But for anyone who has enjoyed and/or engaged Ehrman’s thoughts, this is worth reading. In particular, it is worth engaging for Christians. Ehrman has been arguably the leading intellectual proponent against Christianity and has debated many apologists on the subjects of the resurrection of Jesus, the reliability of the New Testament, and more. One could argue that if something sounds like Christian orthodoxy and Ehrman affirms it, it is probably true. Ehrman has no investment in agreeing with Christian orthodoxy; quite the opposite in fact.

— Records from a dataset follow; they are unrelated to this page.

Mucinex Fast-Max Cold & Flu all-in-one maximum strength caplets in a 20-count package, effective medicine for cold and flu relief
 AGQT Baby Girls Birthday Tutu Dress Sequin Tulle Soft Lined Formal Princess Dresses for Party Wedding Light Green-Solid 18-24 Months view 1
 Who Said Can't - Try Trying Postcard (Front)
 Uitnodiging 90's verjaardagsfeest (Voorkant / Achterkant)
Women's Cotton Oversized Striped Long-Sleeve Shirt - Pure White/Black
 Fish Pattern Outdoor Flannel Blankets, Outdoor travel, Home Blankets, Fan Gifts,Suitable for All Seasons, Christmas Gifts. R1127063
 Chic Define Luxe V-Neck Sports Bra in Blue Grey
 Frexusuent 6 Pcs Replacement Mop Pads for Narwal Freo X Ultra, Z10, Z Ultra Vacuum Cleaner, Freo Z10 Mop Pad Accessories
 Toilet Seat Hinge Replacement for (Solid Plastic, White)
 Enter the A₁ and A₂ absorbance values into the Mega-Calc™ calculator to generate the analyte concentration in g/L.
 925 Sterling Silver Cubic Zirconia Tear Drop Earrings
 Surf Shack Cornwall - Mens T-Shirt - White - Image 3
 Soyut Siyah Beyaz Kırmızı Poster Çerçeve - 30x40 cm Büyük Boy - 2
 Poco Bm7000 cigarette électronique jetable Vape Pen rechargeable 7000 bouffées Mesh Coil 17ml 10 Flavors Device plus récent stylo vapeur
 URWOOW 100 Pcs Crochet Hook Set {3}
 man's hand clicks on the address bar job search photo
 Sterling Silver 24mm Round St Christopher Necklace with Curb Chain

We need to acknowledge Ehrman’s beliefs, especially for readers who are largely unfamiliar with him. Ehrman is an agnostic with atheist leanings. He openly states in a number of his books that he does not believe that Jesus Christ was raised from the dead and that Jesus was in any way or form God incarnate. He is also skeptical, much in the same way as David Hume was, about miracles and whether or not we can even know if a miracle occurred in ancient history. With Ehrman, one isn’t dealing with an ally to Christianity or an individual who is open to agreeing with orthodox Christian views.

This backstory gives some value to this particular article we linked above. Why? Because it has been Christians who have maintained that the gospel accounts present Jesus as a divine figure and as God incarnate. Many skeptics, however, would disagree, and argue that the synoptics (Mark, Matthew, and Luke), our earliest gospels, do not present Jesus in this way. They will often argue that only John’s gospel, our latest one written, portrays Jesus in such a way (as a divine figure) and that we would expect this (it’s our latest and most developed gospel, after all). Because John is the latest, it unsurprisingly that it evidences embellishment. This has been the traditional view of critics of the gospels. 

But Ehrman now disagrees. He admits that Jesus’ divinity is presented throughout all four the gospel, including John. This is a view he did not initially hold,

Until a year ago I would have said – and frequently did say, in the classroom, in public lectures, and in my writings – that Jesus is portrayed as God in the Gospel of John but not, definitely not, in the other Gospels of Matthew, Mark, and Luke. I would point out that only in John did Jesus say such things as “Before Abraham, I am” (8:58; taking upon himself the name of God, as given to Moses in Exodus 3); his Jewish opponents knew full well what he was saying: they take up stones to stone him. Later he says “I and the Father are one” (10:30). Again, the Jews break out the stones. Later he tells his disciples, “If you have seen me, you have seen the Father” (14:9). And in a later prayer to God he asks him to “glorify me in your own presence with the glory that I had with you before the world was created” (17:5). None of these sayings, or anything like them, can be found in the other canonical Gospels. Jesus is clearly portrayed as a divine being in John, but only in John (I would have argued).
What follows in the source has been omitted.